To those outside of healthcare, the term "Transformers" likely evokes images of the action-packed movie adventures where the development of transformation technology is crucial to survival.However, this comparison is not entirely unfamiliar to today's hospital C-suite.
Many healthcare executives feel similarly under siege by forces beyond their control. Regulatory and market pressures have forced many healthcare organizations to the brink, creating a need to pursue continuous innovation and reorientation to cope with the dynamic, unstable environment. There is a sense that traditional techniques for analyzing industry dynamics and managing organizations have become obsolete.
Like in the action movies, the successful are Transformers.
In sharp contrast to conventional approaches, true transformation is a holistic long-term change program that goes beyond the level of first-order change (incremental alteration of an existing process) to the second and third orders of change, during which processes and structures are fundamentally reconfigured to drive and support new organizational behaviors that stand the test of time.
According to studies appearing in several industry publications, the result is deep, meaningful change in the culture and cognitive frameworks that drive key components of an organization and its success, such as activities, critical skills, decision mechanisms, organizational learning and power structure.
Research has shown repeatedly that organizations that can successfully change their strategic orientation and culture will deliver substantially better performance over time in both fiscal and non-fiscal measures. Such organizations build cultures that emphasize employee development, empowerment and participative decision making and possess an operating infrastructure that offers the discipline and rigor to deliver and sustain changes over time.
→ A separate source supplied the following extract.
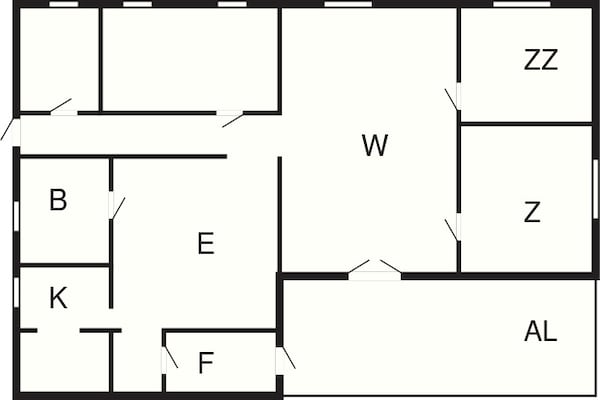 Foto van 6 persoons vakantie huis in MUNSö-By Traum - Vakantiehuis in MUNSö - FloorPlan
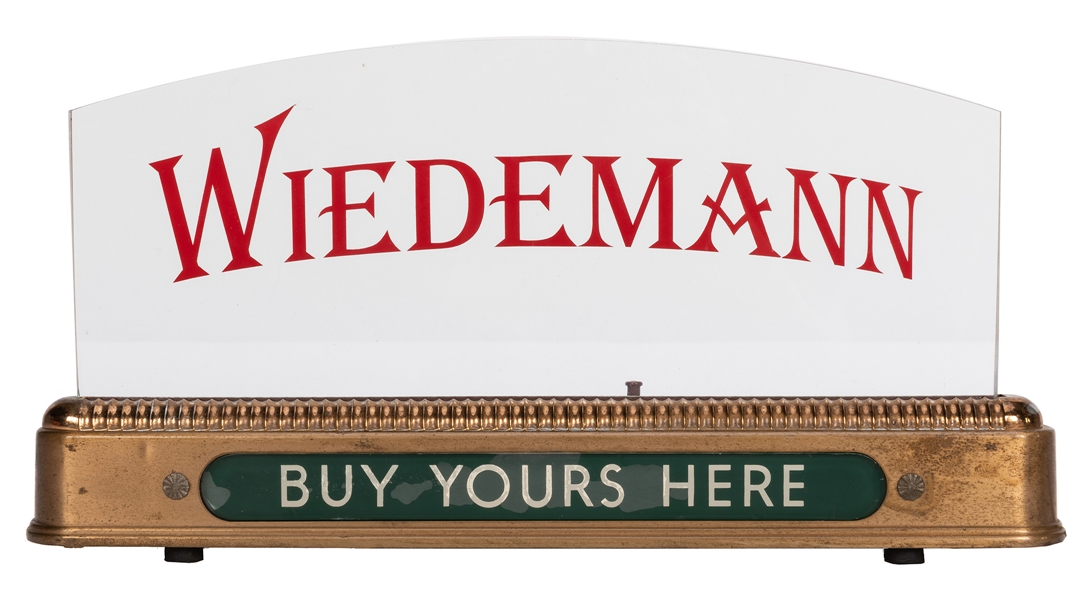 Wiedemann Beer Lighted Display.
The true barriers to progress are those who continue to believe that short-term, non-strategic, transactional improvement efforts actually yield desired results. The academic literature in strategic management and marketing validates the concept of better performance yielding improved profitability, among other measures, for organizations that undergo a successful strategic and operating orientation change across a core set of dimensions underpinned by cultural transformation.
Consider the case of a regional integrated healthcare system in the South that invested in the implementation of management systems, strategy activation and culture change. Not only did they survive Hurricane Katrina due to a transformation process they had started before the tragedy, they achieved revenue growth rate of more than 10 percent per year, a 35 percent market share, which doubled in three years.
There are many challenges for would-be Transformers, including heavy resistance to change and competing agendas and incentives. Time and time again, organizations face the reality of sacrificing meaningful change in pursuit of immediate results. The mindset of proving cost reduction as a gateway to funding longer-term transformation programs creates unsustainable changes, as these organizations fail to address the issues underlying poor performance, such as organizational silos; fragmentation and conflict; a culture that blocks execution as well as a lack of understanding of true cost drivers.
Cost reduction is not a rite of passage. It is woven into an effective operating model for delivering patient-centered, timely, efficient and equitable care, and should not shortcut the true transformation efforts required to restore and keep our healthcare organizations vibrant in these dynamic times.
Rob Nelson, MBA, is the global strategy, leadership & transformation leader for GE Healthcare Performance Solutions.